The place I saw the fox grapes was around 3000', and there were a good many on the same vines last year.


----------



## GT Whitetail (Aug 14, 2017)

I scouted 2200 - 3800 ft on a 10 mile hike and didn't see near as much sign as I was hoping for. Is it too early to find climbing sign? Didn't have my binos to check the tops of the whiteoaks but, checked areas that had a lot of sign in previous years. Found 1 pile of scat and what I thought might have been a marking tree.


----------



## Timberman (Aug 14, 2017)

Took a walk yesterday between 2500' and 3000'. Found a good number of marked trees, well worn trails and dug up yellow jacket nests. Found one chestnut oak that had been climbed with broken hulls, limbs and acorns strewn around. I think I could kill a bear in there but getting it out will be something else!


----------



## jbogg (Aug 14, 2017)

GT Whitetail said:


> I scouted 2200 - 3800 ft on a 10 mile hike and didn't see near as much sign as I was hoping for. Is it too early to find climbing sign? Didn't have my binos to check the tops of the whiteoaks but, checked areas that had a lot of sign in previous years. Found 1 pile of scat and what I thought might have been a marking tree.

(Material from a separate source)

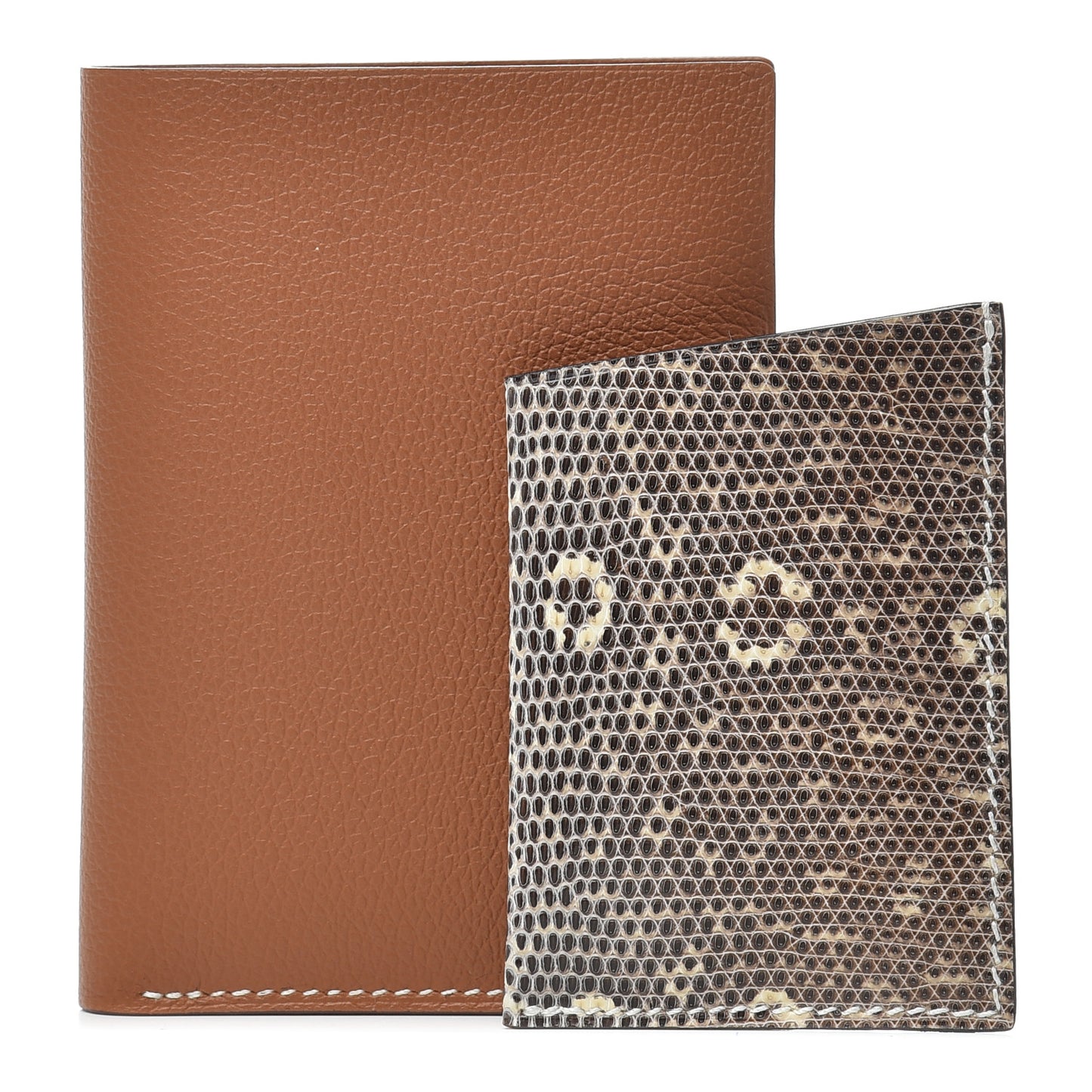 Evercolor Lizard Citadelle Touch Wallet Gold Ombre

The first white oak I found last year with fresh climbing sign was August 25th.  Some of the Red Oaks and Chestnut Oaks seem fairly far along this year so I wouldn't be surprised to hear that there were some trees already being climbed.


----------



## Killer Kyle (Aug 15, 2017)

There is already a little climbing going on. Not a lot, but a little. I have been finding places where squirrels have been cutting down red oak acorns and eating them, and a few days ago, I found a white oak where squirrels had been cutting down and eating acorns.
The days are getting shorter, and opening day draws nigh. The anticipation is killing me!


----------



## Timberman (Aug 15, 2017)

It was the only climbing tree i found in over 5 miles of prime country. The bears are there just not in the oaks yet.


----------



## ddd-shooter (Aug 17, 2017)

Got out yesterday, oaks looking good. Decent size, decent number. 
Chestnuts around 2200-2400 were starting to brown, so white oaks won't be too much further behind.


----------



## amoore28 (Aug 20, 2017)

Was up at Pisgah national Forest and saw tons of white oak acorns at 6000 to #6400 feet


----------



## CornStalker (Aug 31, 2017)

Has anyone scouted Chattahoochee in the last week or planning to go this weekend? Jbogg, kyle? 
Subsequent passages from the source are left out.